Born Pietro Angelerio, Celestine V served as pope for five months in 1294—during Dante’s lifetime—and was by all accounts a real saint. He was devoted to piety and sought to rid the papacy of impropriety. On seeing the scale of apostolic corruption, however, he resigned his post in search of a what he called “a stainless conscience.” For Dante, this was a crime against our common humanity, a crime that not only cost Celestine a place a heaven but left him unable even to enter hell. For Dante, walking away from a fight with evil is not an option. It is a vice disconnected from dogma and unrelated to creed, an unalloyed evil that fails to grasp the purpose of humanity.

For Dante, walking away from a fight with evil is not an option. It is a vice disconnected from dogma and unrelated to creed, an unalloyed evil that fails to grasp the purpose of humanity.

 

When Evil Thrives, Silence Is Not an Option

The powerful ethic embodied in the antechamber to Dante’s hell has gripped the West for seven centuries. Perhaps it finds its most explicit expression in the American spirit. In 1910, it formed the spine of Theodore Roosevelt’s famous lines in The Man in the Arena, when he speaks of “those timid souls who neither know of victory nor defeat.” In 1967, it spurred Martin Luther King Jr. to speak outside the United Nations against the Vietnam War, when he said, “I am here because I agree with Dante, that the hottest places in hell are reserved for those who, in a period of moral crisis, maintain their neutrality.” Though it is true that this antechamber is technically not the hottest place in hell, MLK’s paraphrase reflects the contemptuous and opprobrious spirit of Dante’s poetry.

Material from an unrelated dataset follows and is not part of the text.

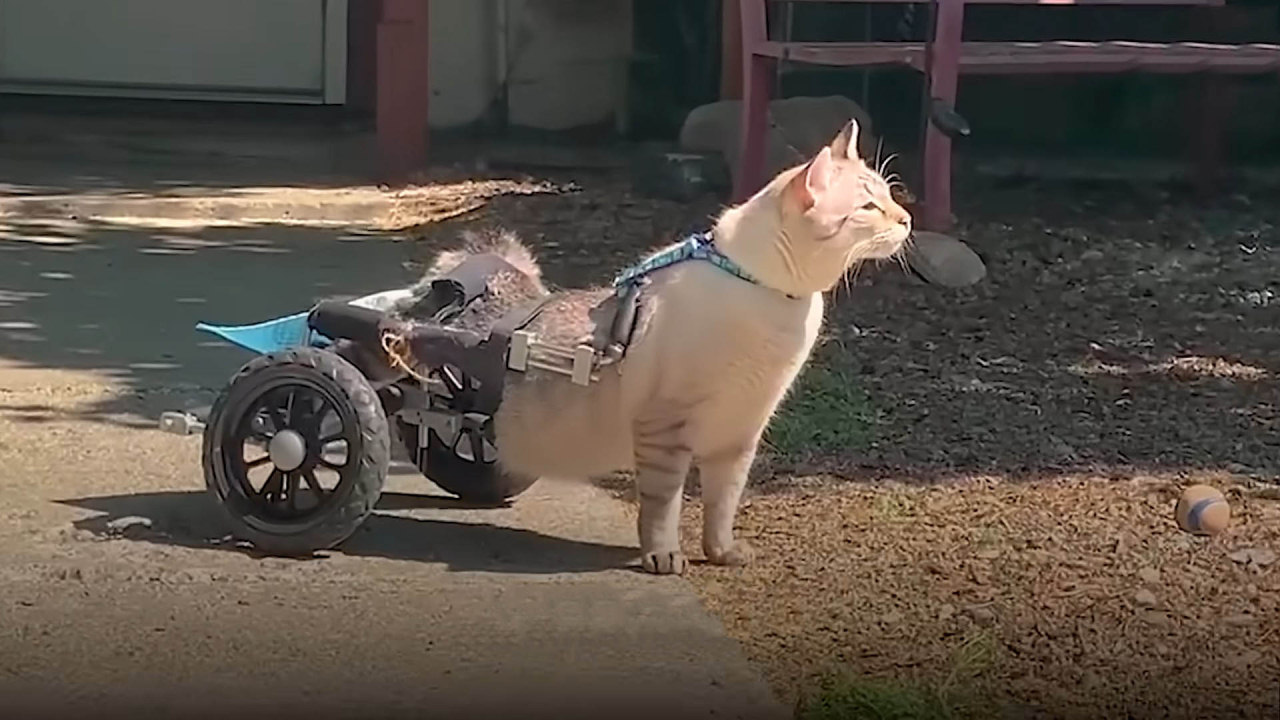 Disabled cat loves outdoor racing in his wheelchair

And as my students and I studied this great refusal, we recognized an ethic that sits at the crux of one of the most pivotal shifts in the Hebrew Bible: when Moses initially resists his summons to save a nation of slaves and stand up to an evil empire. For seven days, Moses wrestled with God but caved in, in a fit of devotion, to the mission of living as a moral agent. In one of the most important moments of his life, Moses realized that when evil thrives, silence is not an option.

So, although we were a room full of orthodox Jews having spent the first hours of our day immersed in Jewish tradition, the Inferno did not feel too unfamiliar. Though, to some degree, a reading of Dante’s Purgatory and Paradise might well clash with our spiritual curricula—taking us deep into Christological territory—in Dante’s hell, for all its terror, we felt his moral imagination and found our common humanity.